━━━ Entries provided

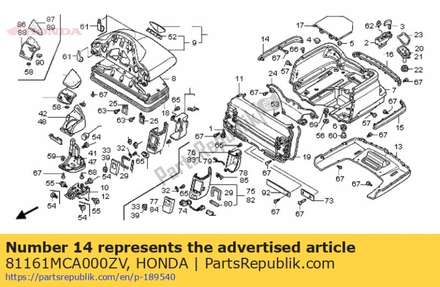 Molding, r. trunk side *r 81161MCA000ZV Honda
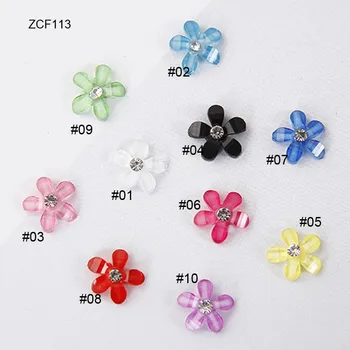 50 adet/grup Beş Petal Çiçek Tırnak Takılar Akrilik Kolye Takı Tırnak Sanat Aksesuarları İçin 3D Takılar 10mm Çiçek Taşlar Tırnak Çıkartmaları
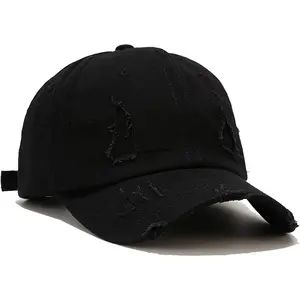 Ripped Patch Baseball Cap  Distressed Low Profile Unstructured Cotton Dad Hat Adjustable for Women Men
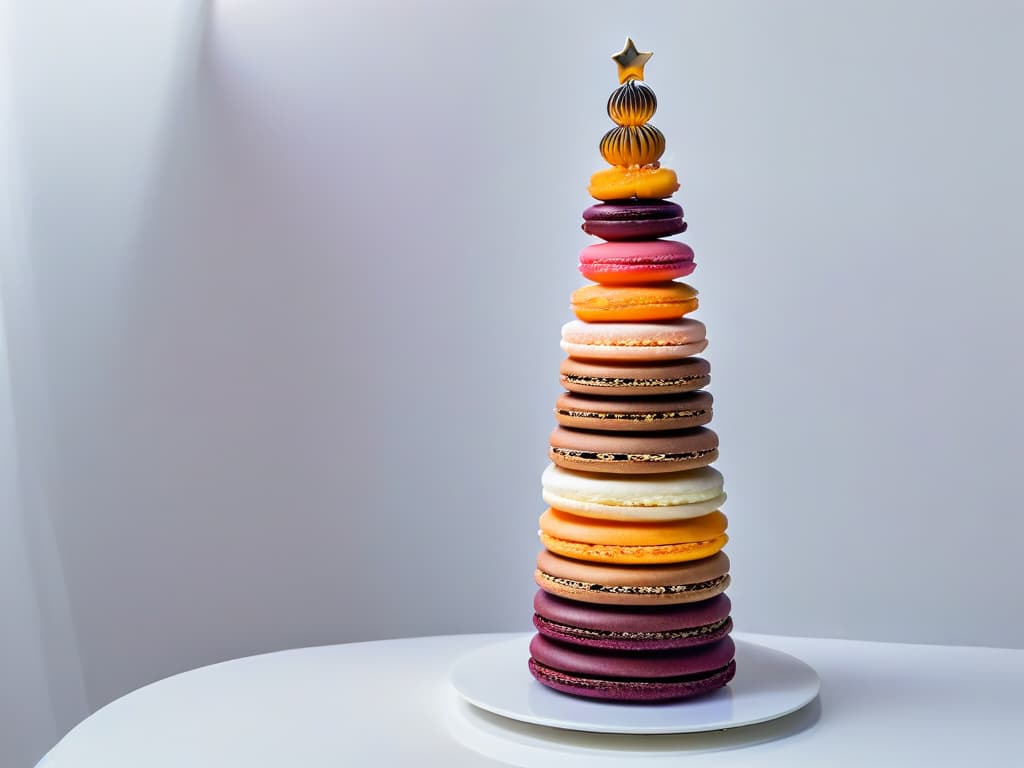  A minimalist, highresolution image of a vibrant, multicolored macaron tower, showcasing a gradient of hues from deep purple to soft pink, set against a clean, white background. Each macaron is perfectly crafted, reflecting the interplay between colors and flavors in the art of dessert making. hyperrealistic, full body, detailed clothing, highly detailed, cinematic lighting, stunningly beautiful, intricate, sharp focus, f/1. 8, 85mm, (centered image composition), (professionally color graded), ((bright soft diffused light)), volumetric fog, trending on instagram, trending on tumblr, HDR 4K, 8K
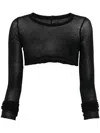 Rick Owens Long Sleeved Cropped Crewneck Top In Black
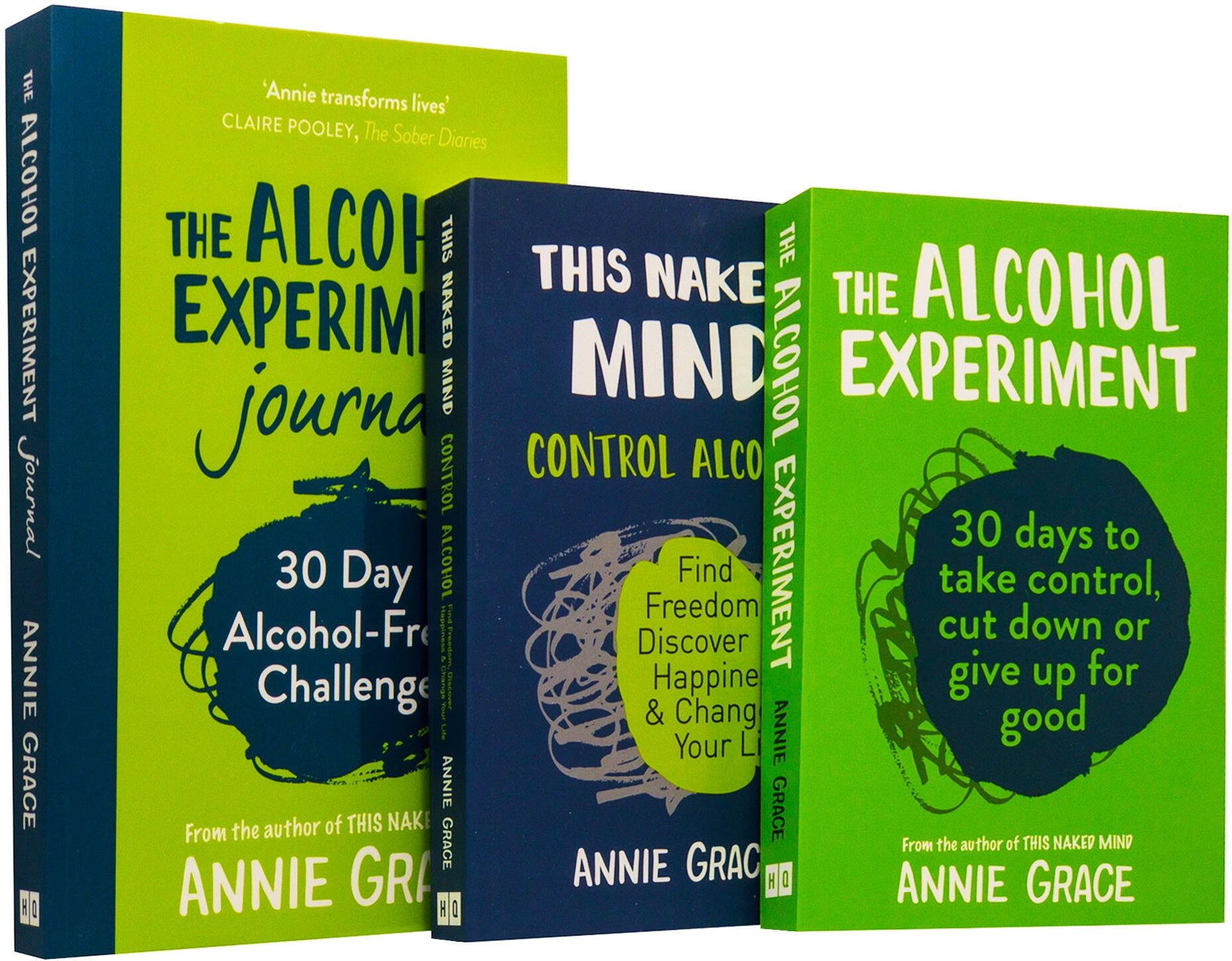 HARPERCOLLINS Annie Grace Collection 3 Books Set (The Alcohol Experiment, The Alcohol Experiment Journal, This Naked Mind)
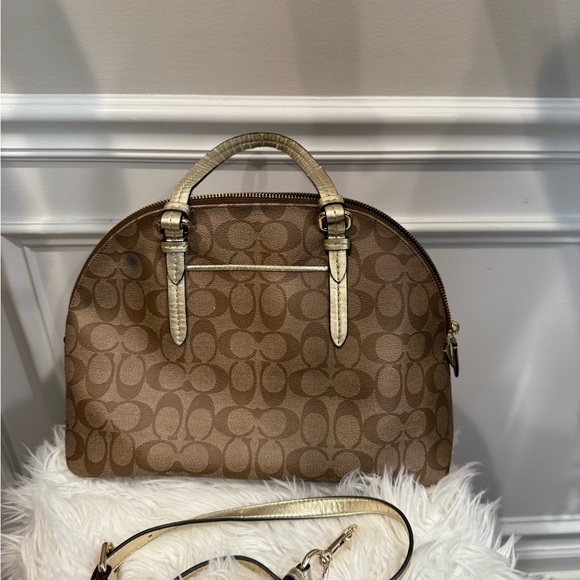 Coach Brown and Gold Peyton Signature Monogram coated canvas Women's Bag - Picture 5 of 9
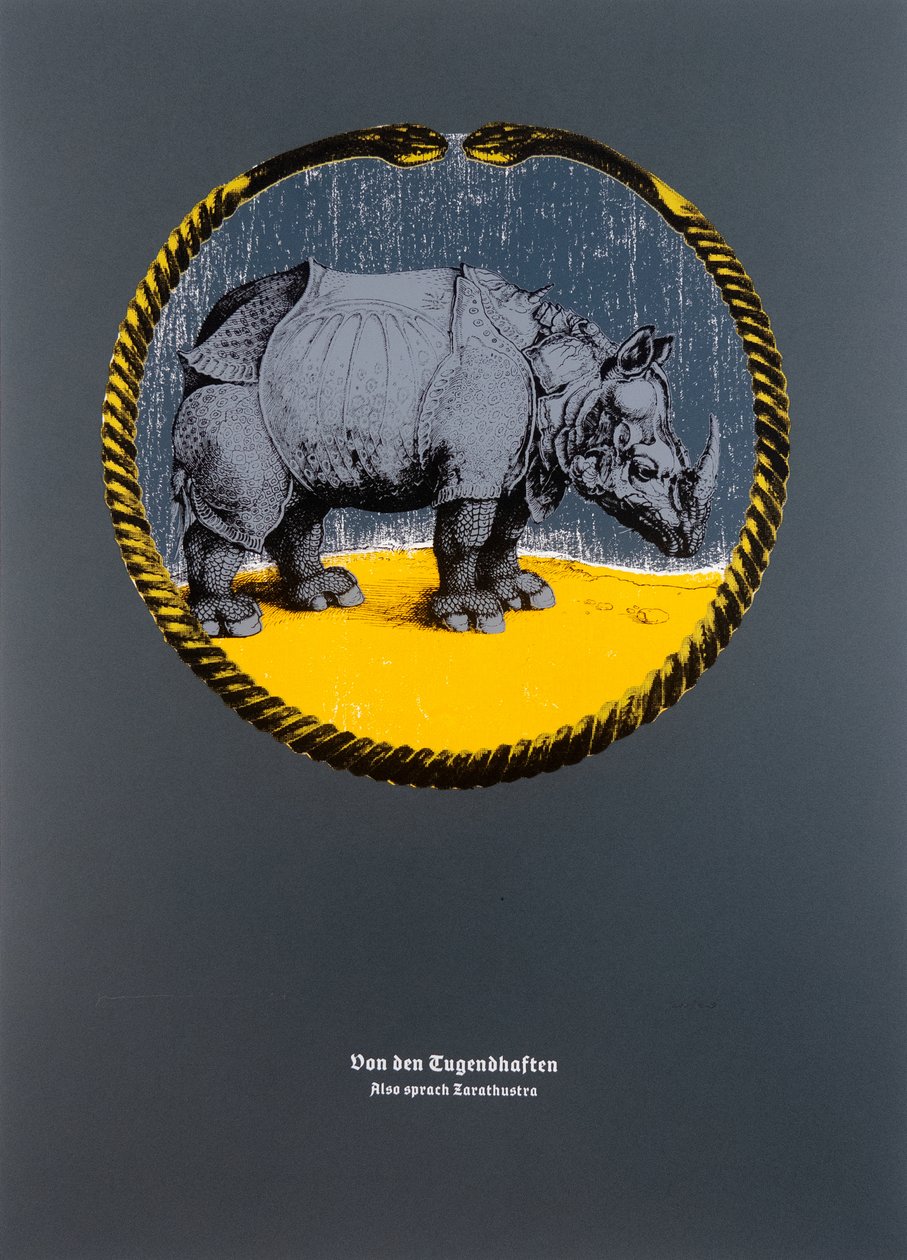 论美德，查拉图斯特拉如是说，2024 年（木刻和丝网版画） 作者 吉尔赫姆·庞特斯（Guilherme Pontes）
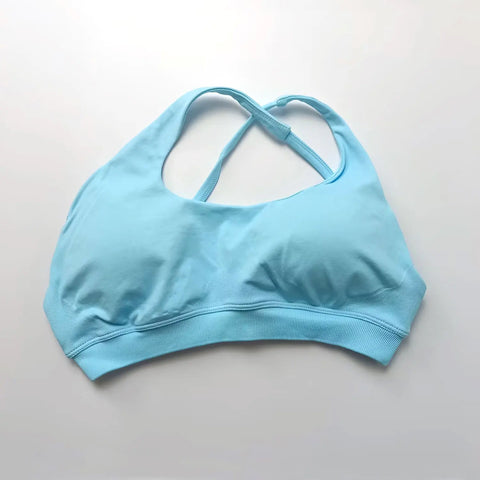NCLAGEN Asymmetric Sports Bra Gym Top for Women - High Support Halter Backless Fitness Activewear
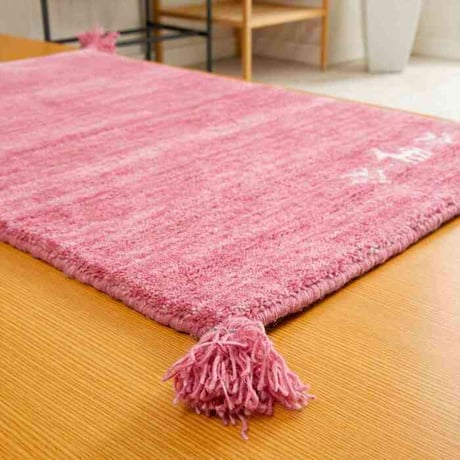 玄関マット 室内 50x80cm ミニラグ ホノカ 6色対応 玄関 ラグ おしゃれ 屋内 ウール100％ ラグマット ウールラグ 長方形 ギャッベ 手織り 防炎 オールシーズン シンプル  50×8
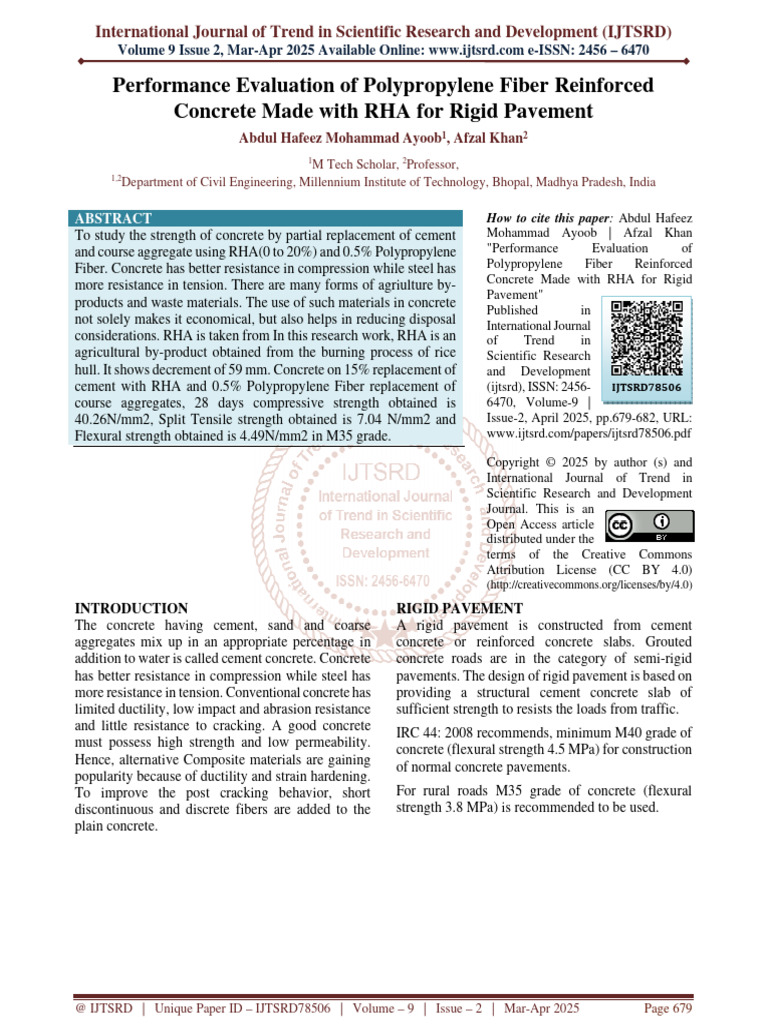 Polypropylene Fiber in RHA Concrete | PDF | Concrete | Reinforced Concrete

━━━━━━

▸ Problem statement: What you give back must match the lines from the start of the records through the line that contains "HARPERCOLLINS Annie Grace", exactly, with the pictures left out.

▸ Response to the task:
 Molding, r. trunk side *r 81161MCA000ZV Honda
 50 adet/grup Beş Petal Çiçek Tırnak Takılar Akrilik Kolye Takı Tırnak Sanat Aksesuarları İçin 3D Takılar 10mm Çiçek Taşlar Tırnak Çıkartmaları
 Ripped Patch Baseball Cap  Distressed Low Profile Unstructured Cotton Dad Hat Adjustable for Women Men
  A minimalist, highresolution image of a vibrant, multicolored macaron tower, showcasing a gradient of hues from deep purple to soft pink, set against a clean, white background. Each macaron is perfectly crafted, reflecting the interplay between colors and flavors in the art of dessert making. hyperrealistic, full body, detailed clothing, highly detailed, cinematic lighting, stunningly beautiful, intricate, sharp focus, f/1. 8, 85mm, (centered image composition), (professionally color graded), ((bright soft diffused light)), volumetric fog, trending on instagram, trending on tumblr, HDR 4K, 8K
 Rick Owens Long Sleeved Cropped Crewneck Top In Black
 HARPERCOLLINS Annie Grace Collection 3 Books Set (The Alcohol Experiment, The Alcohol Experiment Journal, This Naked Mind)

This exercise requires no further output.